"Когда я был мальчишкой, школьником, рассказывает автор этой книги Сергей Вольф, я был очень застенчивым и тихим. Может быть, самым застенчивым и тихим в классе. Наверное, поэтому я так завидовал ребятам, которые, в отличие от меня, были бойкими и весёлыми, выдумщиками и проказниками. Если бы не они, я так и остался бы застенчивым и тихим…
Вот почему я написал про них рассказы".
Содержание:
-
Воробей 1
-
Грибы 1
-
На самокате вдоль нашего дома 2
-
Коровий доктор 2
-
Чудесный голос 3
-
Большая рыба отсюда и до школы 3
-
Я человек настоящий 3
-
Уборка дождя 4
-
Как я лишился богатства 4
-
Отойди от моей лошади 5
-
Озарена весёлым треском 5
-
Великий талант 5
-
Господь бог, чёрт или акробат 6
-
Это будет сюрприз 6
-
Глупо как-то получилось 7
-
Федоро и Алехуано 8
-
Случай в песках 9
-
Айда, в Боливию! 9
-
Хочется петь вместе с ним 10
-
Мы поедем на рыжем коне 11
-
Мои друзья Джимми и Василий 11
-
Вот вам стакан воды 12
Сергей Евгениевич Вольф
Отойди от моей лошади
Воробей
Утром мы с папой идём на работу. Он - на работу. Я - в детский сад. Я довожу его за руку до детского сада, а дальше он уже один идёт.
Сначала мы по бульвару вышагиваем. Там цветы растут, похожие на укроп, деревья и второй день мяукает кошка, которую я никак не могу выследить.

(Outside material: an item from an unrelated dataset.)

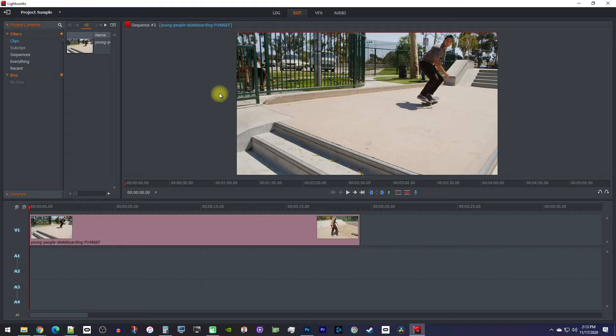Okay, to get started, I'm in the edit tab, where I've added a video clip to my timeline.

Потом мы пьём кофе и едим слоёные пирожки. Там, на бульваре, домик такой стеклянный стоит, с пирожками, а рядом длинный стол под навесом, за которым все стоя кушают. Нет, мама нас кормит, но уж очень вкусные пирожки! Мы всегда берём десять пирожков и четыре кофе.
Вот стоим мы сегодня, едим, пьём, и вдруг я увидел совсем странную картину: воробей разогнался по воздуху и ка-ак сядет с размаху на ветку - и ветка стала раскачиваться вместе с ним. Туда-сюда, туда-сюда. А он сидит, важный такой, толстый и подбавляет жару. Раскачивается. Как на качелях. И тут же к нему ещё трое подсели. Качаются. Сами. Ничего подобного я ни разу в жизни не видел и сказал об этом папе.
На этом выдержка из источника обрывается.